A helpful approach is to be honest and say, “I don’t know what it is like…but I care!”

The common journey

One way we can show care is to help the person connect with networks of people who can offer encouragement and support especially because they have “been there.” Persons who have experienced a similar life journey are equipped to give (1) information, (2) a presence, and (3) encouragement. I’ll illustrate with stories from my own experience.

What’s that?

After years of searching for answers, we finally received a diagnosis for my son at age 12.  The natural response of family and friends was to ask, “What’s fragile X syndrome?” The medical specialist who made the diagnosis gave us a few facts, but the condition was not well understood, even in the medical community. We needed more information.

Our family had barely heard of fragile X, and we knew no one else with fragile X. So our first need was an information network.

For common conditions, we may find local sources of information by looking in the phone book. For rarer conditions, we may need to look farther afield.
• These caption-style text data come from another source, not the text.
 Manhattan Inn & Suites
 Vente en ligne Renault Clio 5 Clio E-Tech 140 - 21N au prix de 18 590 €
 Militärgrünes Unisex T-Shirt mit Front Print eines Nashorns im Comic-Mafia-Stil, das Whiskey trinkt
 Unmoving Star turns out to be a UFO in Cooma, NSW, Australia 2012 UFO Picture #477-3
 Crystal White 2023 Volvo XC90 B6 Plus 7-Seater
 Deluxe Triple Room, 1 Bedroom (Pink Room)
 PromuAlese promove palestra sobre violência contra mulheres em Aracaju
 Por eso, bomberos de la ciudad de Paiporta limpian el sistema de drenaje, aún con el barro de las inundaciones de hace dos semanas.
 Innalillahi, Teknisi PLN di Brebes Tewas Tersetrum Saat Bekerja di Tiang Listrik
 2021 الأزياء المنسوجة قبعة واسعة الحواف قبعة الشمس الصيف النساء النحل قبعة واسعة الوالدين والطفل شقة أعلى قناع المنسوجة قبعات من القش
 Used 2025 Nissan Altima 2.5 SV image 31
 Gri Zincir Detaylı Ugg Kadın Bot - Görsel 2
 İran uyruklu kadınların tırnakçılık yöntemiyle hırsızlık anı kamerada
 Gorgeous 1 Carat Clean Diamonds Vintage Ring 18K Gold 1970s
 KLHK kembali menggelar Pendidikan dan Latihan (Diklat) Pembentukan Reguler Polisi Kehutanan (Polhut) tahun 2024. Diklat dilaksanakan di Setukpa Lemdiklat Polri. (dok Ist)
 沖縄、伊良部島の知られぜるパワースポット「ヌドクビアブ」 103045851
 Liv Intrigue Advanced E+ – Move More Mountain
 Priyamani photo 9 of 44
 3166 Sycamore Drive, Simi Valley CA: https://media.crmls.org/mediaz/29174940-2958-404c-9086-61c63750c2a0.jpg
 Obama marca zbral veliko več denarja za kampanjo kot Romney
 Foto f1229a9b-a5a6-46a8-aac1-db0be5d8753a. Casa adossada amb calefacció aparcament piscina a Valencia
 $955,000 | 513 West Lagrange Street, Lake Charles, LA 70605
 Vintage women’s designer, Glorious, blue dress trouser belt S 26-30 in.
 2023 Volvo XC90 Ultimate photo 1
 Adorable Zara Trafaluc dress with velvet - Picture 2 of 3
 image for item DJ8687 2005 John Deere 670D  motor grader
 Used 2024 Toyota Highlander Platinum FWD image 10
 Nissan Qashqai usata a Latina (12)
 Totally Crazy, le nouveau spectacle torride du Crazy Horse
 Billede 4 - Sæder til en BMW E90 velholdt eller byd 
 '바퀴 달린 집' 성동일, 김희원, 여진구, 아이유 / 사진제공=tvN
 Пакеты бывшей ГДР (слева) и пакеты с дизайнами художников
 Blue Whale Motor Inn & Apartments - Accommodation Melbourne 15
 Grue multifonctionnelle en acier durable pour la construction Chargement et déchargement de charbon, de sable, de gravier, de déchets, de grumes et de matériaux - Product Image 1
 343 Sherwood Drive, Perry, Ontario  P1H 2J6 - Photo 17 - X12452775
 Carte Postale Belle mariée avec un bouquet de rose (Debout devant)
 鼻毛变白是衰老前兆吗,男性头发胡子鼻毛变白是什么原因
In our case, we met other families affected by fragile X online. At that time, the World Wide Web was still new. Today we connect readily through a website; in 1990, an email list was the best way. We learned about an emerging organization for families with fragile X. We attended its international conferences to learn about the latest research and to meet other individuals and families affected by fragile X.

Being there

Information networks can also provide an initial supportive presence. However, we found that conferences every few years and email exchange with persons whom we hardly knew were inadequate to support our daily journey. We needed people we could actually see and meet with more often.

So we joined a family support group that met 4-6 times a year. We joined with these considerations:

  • We were not looking for more information about fragile X here.
  • We realized families affected by other types of developmental disabilities lived with many of the same issues we faced.
  • We sought out folks with a similar faith perspective. We wanted the support of persons who shared our faith and values.

Such face-to-face support gave us personal relationships with understanding people to help us process the information we were receiving from the issue-specific but more distant groups.

Courage for the next steps

Sometimes even informational networks and disability support groups are not enough. We often need to process intense feelings and major decisions with those who know us well. A church small group or supportive care group formed to support our specific needs can provide encouragement. At times, we may also benefit from professional counseling.

I will always remember the counsel of a psychologist who was helping me live with a lack of information about my child’s peculiar disability. “You have done all that can be reasonably expected of parents… For now, you can set that aside. You have two children. Take them home and love and care for them the best you know how.”